7QT: Making swords, long eggs, and “curatorially unsound” decisions

7QT: Making swords, long eggs, and “curatorially unsound” decisions March 11, 2016

— 1 —

I already loved A Capella Science’s “Outbound Probe” and now I’ve been dancing around to “LIGO Feel That Space,” a relyricization of “I Can’t Feel My Face” that’s about the discovery of gravitational waves.

— 2 —

I love nerdy fandoms, but I’m still snickering a little bit at the fact that the shirt that Colin Firth wore in Pride and Prejudice is coming to the Folger Shakespeare Library for an exhibit.  But it’s worth it if only to read this suggestion for the proper way to display it.

A half-serious proposal to keep the shirt wet and molded to its display dummy by using misters like those in grocery store produce sections was deemed “curatorially unsound,” Ms. Barchas said.

— 3 —

I am a big sucker for unusual maps (I grew up with a Peters Projection placemat) and I really enjoyed this isochronic map that Alan Jacobs spotted.  What’s an isochronic map, you ask?

This is an isochronic map – isochrones being lines joining points accessible in the same amount of time – and it tells a story about how travel was changing. You can get anywhere in the dark-pink section in the middle within five days – to the Azores in the west and the Russian city of Perm in the east. No surprises there: you’re just not going very far. Beyond that, things get a little more interesting. Within five to ten days, you can get as far as Winnipeg or the Blue Pearl of Siberia, Lake Baikal. It takes as much as 20 days to get to Tashkent, which is closer than either, or Honolulu, which is much farther away.

— 4 —

I’d never heard of “long eggs” so I’d never stopped to wonder how they were made, but this video of a long egg factory was mesmerizing. (Not in English, but don’t let that stop you).

— 5 —

Long eggs are kind of intrinsically ridiculous, but looking under the hood of even more noble ideas can still be a little amusing. The National Archives in DC is doing an exhibit on proposed constitutional amendments, and this is my favorite of the somewhat absurd ones:

Another failed proposal, in 1846, called for presidential election via a lottery system.

It called for each state to select its own presidential candidate. Then the name of each state would be written on balls equal to the number of congressmen from that state.

One ball would be picked at random, and the candidate from that state would become president. The vice president would be selected the same way.
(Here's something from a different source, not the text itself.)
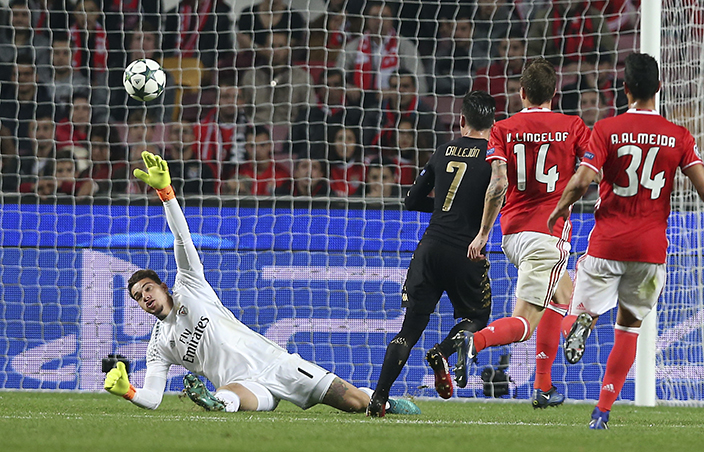 Napoli's Jose Callejon, third from right, scores a goal during the Champions League group B soccer match between Benfica and Napoli at the Luz stadium in Lisbon, Portugal, Tuesday, Dec. 6, 2016. (AP Photo/Steven Governo)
If you wish you could pay restaurant bills in roughly this manner, there’s an app for that.

— 6 —

I’ve got one more “how things are made” link in the last slot, but first, Nautilus has a neat history of a virtual teapot that marked a turning point in computer graphics design.

The teapot quickly became a beloved staple of the graphics community. Teapot after teapot graced the pages and covers of computer graphics journals.  “Anyone with a new idea about rendering and lighting would announce it by first trying it out on a teapot,” writes animator Tom Sito in Moving Innovation. “We saw the teapot rendered as if made of alabaster, red brick, leopard skin, and animal fur.” Most famously, a 1987 paper introduced an image casually described as the five Platonic solids plus the “newly discovered Teapotahedron.”

— 7 —

Did you mean to spend a half hour of your weekend watching Adam Savage build a Hellboy sword replica? Because I’m awfully glad that I did, and, to be honest, I had more fun watching this than a goodly number of tv shows.

I wound up watching on 1.25x speed, and that made Savage’s joy even more delightful.